Assignment 2: Analyze Crowdsourcing Platforms
13 11/21 Incentives & Gamification (PDF)
- Discussion by Jae Hoon & Adil (PDF)
response : choose one from (1)-(2)
(1) Beenan, Gerard, et al. "Using social psychology to motivate contributions to online communities." CSCW 2004.
(2) Cooper, Seth, et al. "Predicting protein structures with a multiplayer online game." Nature 466.7307 (2010): 756-760.
13 11/23 No Class (Project Work Time)
14 11/28 Large-Scale Online Experimentation (PDF)
- Discussion by Namung (PDF)
response : choose one from (1)-(2)
(1) Reinecke, Katharina, and Krzysztof Z. Gajos. "LabintheWild: Conducting Large-Scale Online Experiments With Uncompensated Samples." CSCW 2015.
(2) Kohavi, Ron, et al. "Online controlled experiments at large scale." KDD 2013.
Project 6: High-fi Prototype
14 11/30 The Future of Crowdsourcing & Social Computing (PDF)
- Discussion by Simon (PDF)
(1) response Kittur, Aniket, et al. "The future of crowd work." CSCW 2013.
(2) Woolley, Anita Williams, et al. "Evidence for a collective intelligence factor in the performance of human groups." Science 330.6004 (2010)
15 12/5 Final Presentations 1
14 12/7 No Class (Undergrad Admission Interviews)
15 12/8 (7pm) Final Presentations 2 Project 7: Final Presentation
16 12/12 No Class (Final Exams)
16 12/14 No Class (Final Exams) Project 8: Final Paper & Video

Topics (tentative)

Major topics include:
  • Crowdsourcing and human computation
  • Social computing platforms
  • Social networks and online communities
  • Computer supported collaborative work
  • Privacy and ethics
  • Incentives and gamification
  • Online experimentation and analysis
  • Programming paradigms
  • Quality control and fighting malicious behaviors

Grading

  • Design project: 40%
  • Topic Presentation: 20%
  • Reading responses: 20%
  • Assignments: 10%
  • Class participation: 10%
Late policy: Three lowest reading response grades will be removed.

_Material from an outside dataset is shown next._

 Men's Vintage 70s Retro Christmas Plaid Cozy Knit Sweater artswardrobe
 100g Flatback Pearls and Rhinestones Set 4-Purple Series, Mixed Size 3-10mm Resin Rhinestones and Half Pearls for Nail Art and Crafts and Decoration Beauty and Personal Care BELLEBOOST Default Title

No late submissions are allowed for the reading responses. For assignments and project milestones, you'll lose 10% for each late day. Submissions will be accepted until three days after the deadline.

Prerequisites

There are no official course prerequisites. But assignments and the final project will require building features of a crowdsourcing / social computing system, so programming skills are needed. Knowledge or research experience in HCI (CS374 or equivalent) or social computing is useful, but not required.